There was no way Acacia Beale was going to drum in front of her entire school.

The 13-year-old Pilot Butte Middle School student told her teacher that on the day she walked into her art class and saw the row of unfamiliar drums sitting there. She repeated it when she found out she would be expected to play the drums at the end of the week in front of all of her classmates.

But a week later, Acacia was humming a different tune.

“In the beginning, I was so scared to try something new,” Acacia said. “But now I see that it’s really fun, and that it’s fun to learn about a new culture.”

On a recent Friday, one of Pat Roberts’ art classes spent the morning expressing themselves not with paint or pastels, but with drums. The African drum class was part of a weeklong artist-in-residence event sponsored by the youth arts organization Caldera, which helps bring art programs to schools that have a high percentage of students who qualify for free or reduced lunch. Catón Lyles, the artist-in-residence, is a Portland-based musician who specializes in traditional West African and Afro-Cuban styles of hand-drumming and has worked with schools in the Northwest for nearly two decades.

“We knew we needed to expand our world cultures experience,” Roberts said. “And this seemed like a perfect opportunity.”

Pilot Butte Middle School is in the process of becoming an International Baccalaureate-certified school. Part of this process includes expanding its world cultures curriculum.

Lyles taught drumming technique to four classes during his weeklong visit, which culminated in a Friday assembly when students performed what they had learned in front of the entire school. A Friday morning session was the last chance for students to practice before the performance.

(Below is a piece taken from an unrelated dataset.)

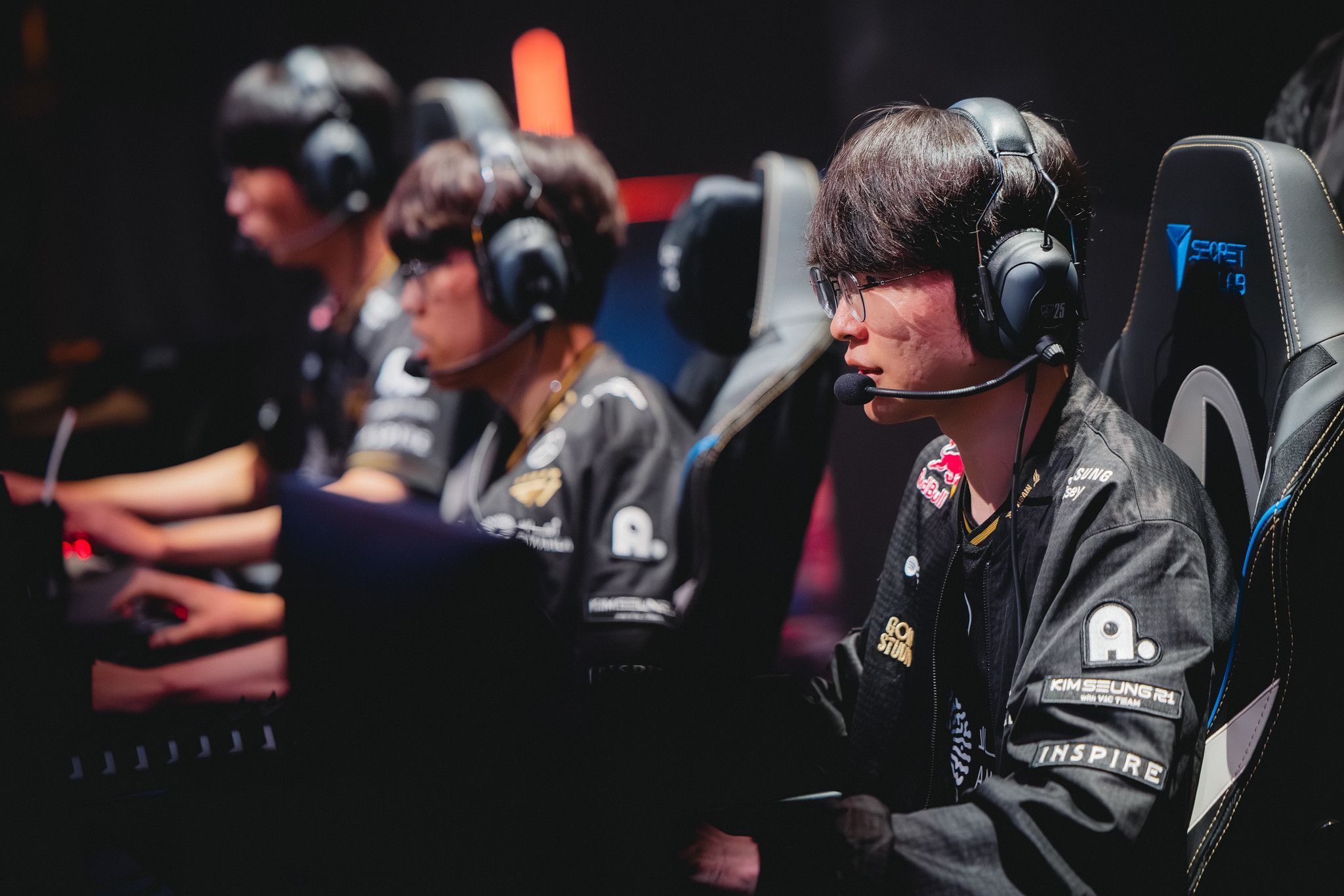 Worlds 2025: T1 vence 'Telecom War' contra KT e é hexacampeã mundial de LoL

For about an hour, the thundering of the drums could be felt throughout the school’s D Hall.

Students sat in a large circle in the school’s art studio, hammering away with controlled motion at drums called “djembes.” Lyles sat at the head of the circle, and students watched his drumming motions intently, trying to keep in rhythm.

“The hardest part is figuring out which hand to use and when to use it during the drumming,” said Trinity Gordon, 14. “It’s easy to mess up.”

After a few moments, a small contingent of students got off track, and a random smattering of beats broke out in places where there should have been silence. Lyles stopped the drumming to start from the top again, but Trinity took the opportunity to ask him what the song they were drumming was about.

“This song is sung as a young man is presented into a village for the first time,” Lyles explained. “It’s a song to show that we’re strong. That we can do this.”

The class started the song again, this time drumming in unison. But then students lost the rhythm slightly at the end when a few neglected to see Lyle’s signal to end and continued playing.

“Everybody should end on the same note,” Lyles said. “That’s the goal. But this is way better than yesterday.”

By the end of the session, students had nailed the song.

“I’m ready for the assembly,” said Lauren Schossow, 13. “But right now, my muscles hurt. Drumming is so intense.”

“I think they’re learning to think outside their comfort zones,” Lyles later said. “They’re getting refined motor skills but they’re also learning about focus: all those great things that help you get through life.”

Students filed out of the classroom on their way to lunch. Acacia, the student who initially vowed that she’d never drum, left the class smiling. She said she felt prepared for the assembly.

“It’s a good lesson,” Roberts said. “It shows that any student who takes it upon themselves to learn is going to persevere.”